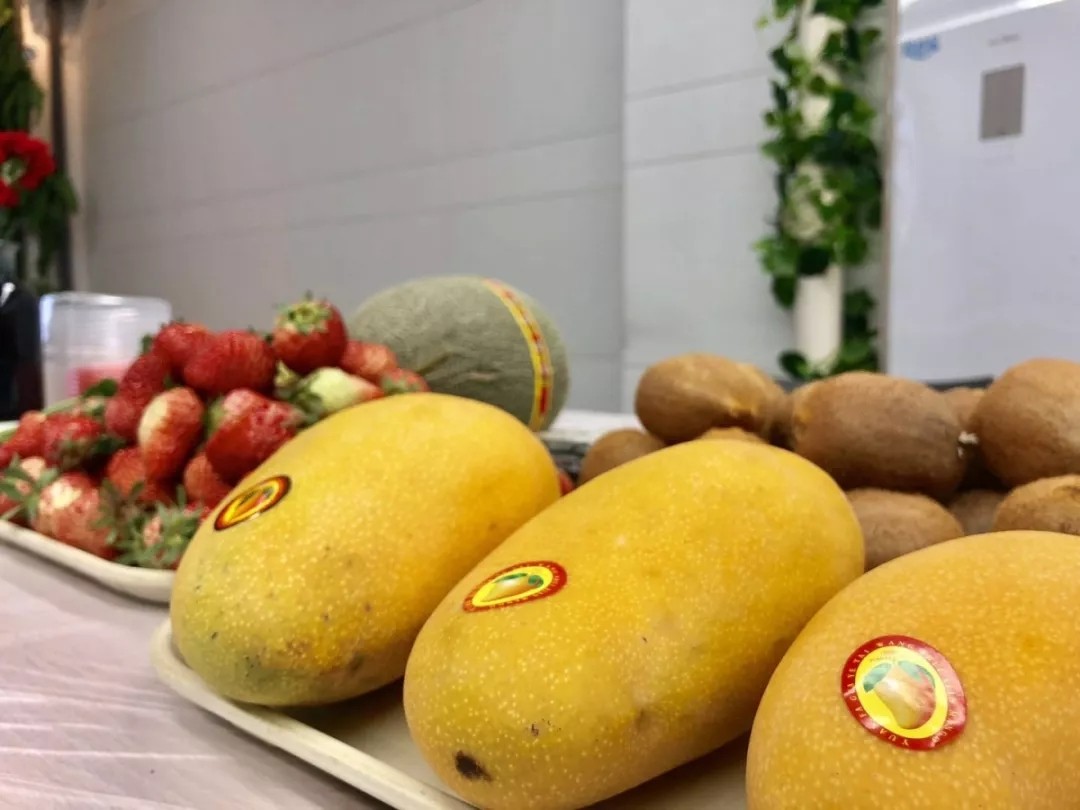 高端拉床,專用機床,內(nèi)拉床,外拉床,數(shù)控機床,自動化生產(chǎn)線,工業(yè)機器人,拉床,拉刀,自動化 高端拉床,專用機床,內(nèi)拉床,外拉床,數(shù)控機床,自動化生產(chǎn)線,工業(yè)機器人,拉床,拉刀,自動化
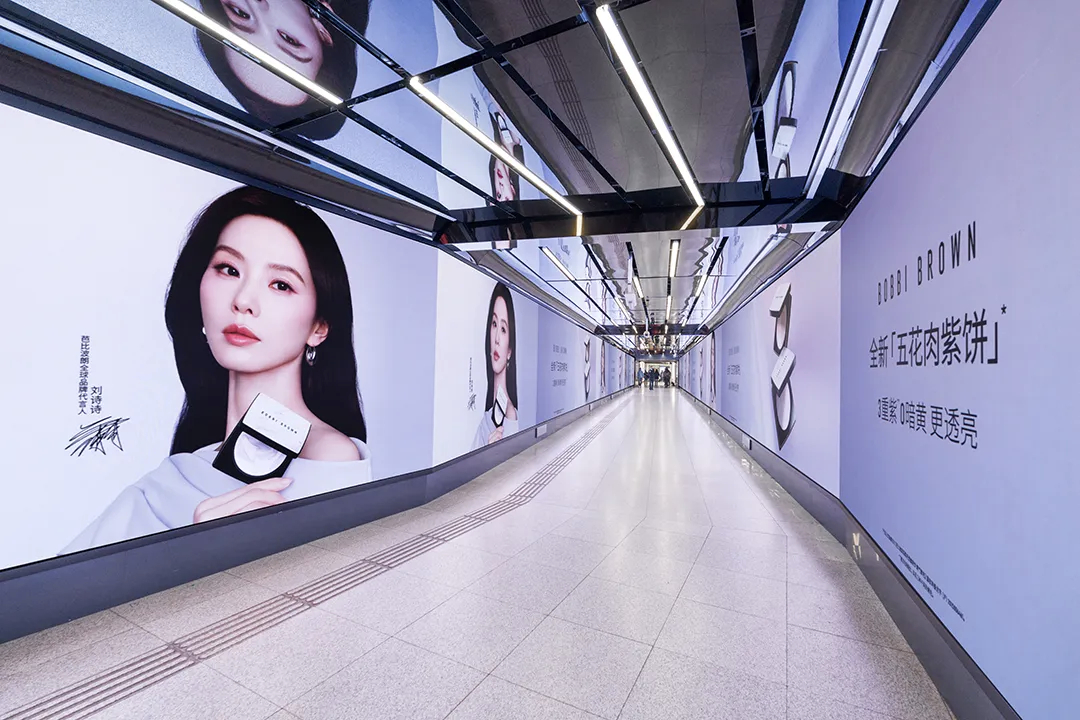 又是百米的巨屏地广刘诗诗完全地广富人芭比波朗全球代言人的排面一向如此优秀 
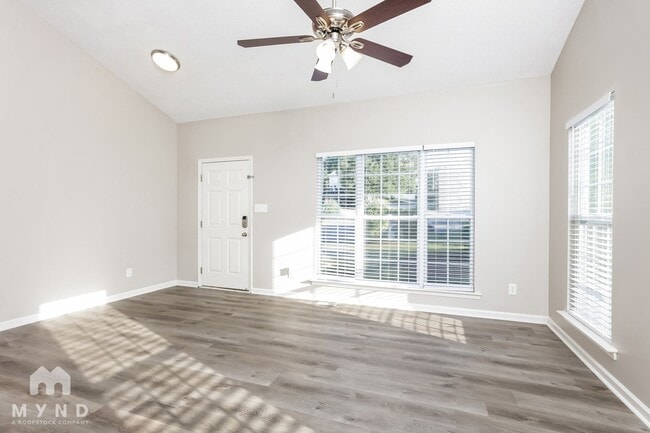 Building Photo - 8104 Stone Bridge Ct
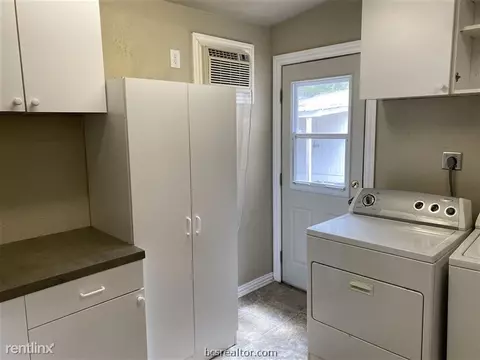 201 Dunn St, Bryan, TX 77801 photo 9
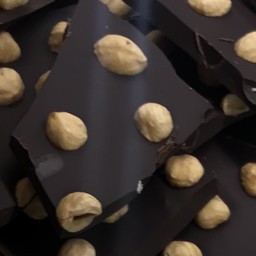 Cioccolato svizzero fondente in pezzi con nocciole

Work item
Reproduce each line of the records above, exactly and without pictures.

Solution to this exercise
 高端拉床,專用機床,內(nèi)拉床,外拉床,數(shù)控機床,自動化生產(chǎn)線,工業(yè)機器人,拉床,拉刀,自動化 高端拉床,專用機床,內(nèi)拉床,外拉床,數(shù)控機床,自動化生產(chǎn)線,工業(yè)機器人,拉床,拉刀,自動化
 又是百米的巨屏地广刘诗诗完全地广富人芭比波朗全球代言人的排面一向如此优秀 
 Building Photo - 8104 Stone Bridge Ct
 201 Dunn St, Bryan, TX 77801 photo 9
 Cioccolato svizzero fondente in pezzi con nocciole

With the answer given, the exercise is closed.